Tag:Weight Room
Posted on: February 23, 2011 11:31 am
Edited on: February 23, 2011 11:35 am

Georgia donations consistent despite 2010 season

Posted by Chip Patterson

The 2010 season was not kind to the Georgia Bulldogs.  In the most winnable SEC East in recent memory, the Bulldogs finished their season with an embarrasing 10-6 Libery Bowl loss to Central Florida and a 6-7 record.  It was the program's first losing season in 14 years, and the worst season in Mark Richt's head coaching career.  Luckily, the slide has had little effect on the fundraising efforts for the athletic program.

The Athens Banner-Herald reported that as of midday Tuesday the Hartman Fund (the fundraising initiative tied to season ticket priority) had raised $22.4 million, just slightly less than $22.7 million from last season.  The deadline for donations was Febrauary 15.  While the total may be less, the number of donors actually increased from 13,705 to 14,002.  Athletic director Greg McGarrity called the numbers "encouraging."

“There was not an outcry of our supporters that were jumping ship,” McGarity said. “You’re certainly going to have a small percentage that say that we just don’t care to follow the team any further, we’re frustrated, blah, blah, blah. You’re going to have that with our economy as it is."

But there are plenty of reasons for Georgia fans to have faith in the Bulldogs turning 2010 around.  First would be the way they finished the regular season in 2010.  If you toss out the bowl game Georgia won 5 of their last 7 contests, and averaged 41.0 points per game in that stretch.  Aaron Murray grew comfortable with the starting position once the season got underway, though admittedly a lot of that could have had to do with A.J. Green being back in the lineup.  

Another reason that Georgia fans are not concerned with the state of the program is Richt's success on the recruiting trail.  Once again, Georgia's recruiting class ranks among the best in the nation, finishing at #6 nationally according to MaxPreps.com.  Richt battled for key recruits all the way to national signing day, and when touted running back Isiah Crowell had to make a decision: he reached out for the Bulldog(s).  Literally.

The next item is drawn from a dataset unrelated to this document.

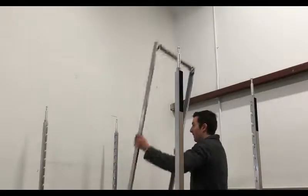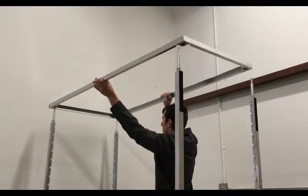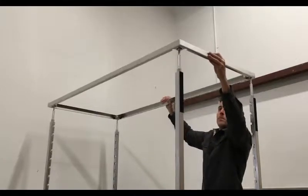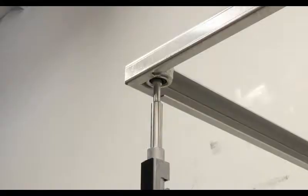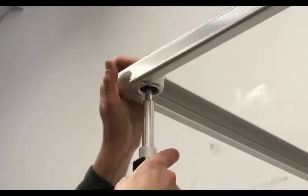Now place the top of the frame onto the frame poles. There are four rubber inserts on the frame where the frame poles are pushed into place. Push down on the frame very hard until you feel it pop into place.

Georiga will also still be Georgia.  Despite the frustrating season, it is difficult to imagine a diehard fanbase like that jumping ship so quickly.  As long as the Dawgs are suiting up on Saturdays, there will be fans between the hedges to yell "Sic Em." 

Posted on: January 27, 2011 12:35 pm

New UGA strength coach promises improvement

Posted by Chip Patterson

Joe Tereshinksi, the new strength and conditioning coach at Georgia, has a difficult task ahead of him in 2011. He must beef up a Georgia team that got shoved around in the trenches in 2010.

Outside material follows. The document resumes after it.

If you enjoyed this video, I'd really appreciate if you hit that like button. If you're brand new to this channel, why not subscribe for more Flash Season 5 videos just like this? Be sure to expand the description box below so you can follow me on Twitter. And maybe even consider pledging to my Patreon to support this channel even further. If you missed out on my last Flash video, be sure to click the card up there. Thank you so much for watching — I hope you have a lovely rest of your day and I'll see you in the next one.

"The film doesn’t lie,” Tereshinski recently said in an interview for Macon.com. “I’m the video coordinator, I see every play. Yeah, we were not winning the line of scrimmage. And our goal now is we’re going to see how far we can develop these kids from their hips to their glutes to their quadriceps.”

The interview was conducted by Seth Emerson, who also runs Bulldogs Blog - a popular Georgia football website. Emerson took some pieces from the interview that he did not include in the story, and posted them on his website. One of those pieces included some statements about Georgia's strength set up. He did not necessarily blame the Bulldogs' poor conditions for their struggles, but he refused to ignore the connection.

Tereshinski says one factor that hasn’t gotten much notice is that because of construction, the team has been moved to a different weight room, and for the previous 18 months had been largely operating out of trailers. They didn’t have much room for equipment: No dip bars, no incline presses, and some other machines.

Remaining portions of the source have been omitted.